テーブルに転がる幾つものワイングラス、倒れ伏す男達。そんな彼らを冷めた目で見詰める者が一人。
「どうやらこれ以上の引き出しは無かった様ですね。ギルドマスター、後の処分はお任せしても?」
そこには先ほどまで居たはずの男性の姿は無く、なぜかメイド服を着た女性の姿が。
「あぁ、こっちも仕事だ、貰った報酬分は働くさ。しかし何だったんだ?騒ぎを止めたいのなら初めからこいつらを仕留めるなり例のスタンピード発生装置とやらを奪うなりすればいいものを、ただ監視しているだけって。
実際大した騒ぎにはならなかったが、その辺がどうしても分からねえ。
アンタらは一体何がしたかったんだ?」
それはとても美しい月夜の晩、いつの間にか現れた小柄なガキとメイド。
暗殺者ギルドグルセリア支部の新たなギルドマスターとして就任した自身の前に訪れた絶対的な死。
「やぁ、いい月夜だね。少しお話と依頼があってね、今時間あるかな?」
そのナニカはそう言うとこのグルセリアで起きている一連の事変とこれから起こるであろう騒ぎについて語り出した。
「君たちにも仕事があるだろうからそれはそのまま受けて貰って構わない。その事に対してこちらから何かをする事はない。ただ後始末をね。

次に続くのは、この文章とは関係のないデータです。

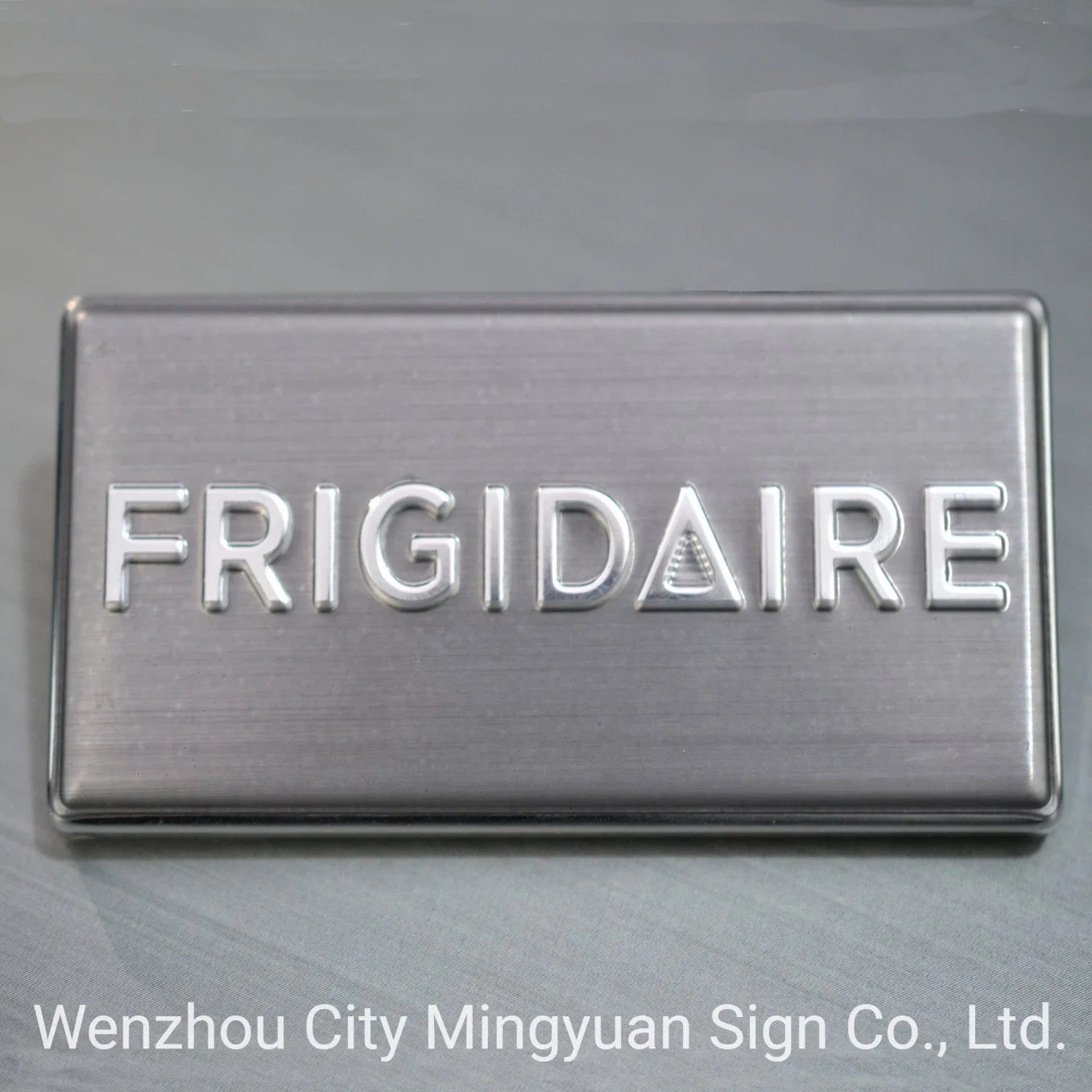 Custom Decorative Packaging Label Sticker Embossed Nameplate Logo 3D Frigidaire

祭りの始末はきっちりつけないと、後から余計なちょっかいを出されても興覚めだろう?」
ナニカはそう言うと依頼料として金貨五十枚を支払いメイドと共に姿を消した。
そしてナニカの言葉通り貴族の役人から仕事を依頼され、魔物暴走発生装置の設置と呪術師による起動を行った。
その結果はご覧の通りであったが。
「ご主人様の言葉です。“君たちの様な存在はいつの世も、どこにでも生まれる。それを一々潰していたらキリがない。だから話の通じる様な相手が窓口になってくれている事は有り難い”
あなた方がご主人様の勘気に触れない事を祈っています」
メイドはそれだけを告げると、まるで初めから其処には誰もいなかったかの様に姿を消す。
暗殺者ギルドギルドマスターは背中に流れる冷たい汗を感じつつ、大きくため息を吐くのであった。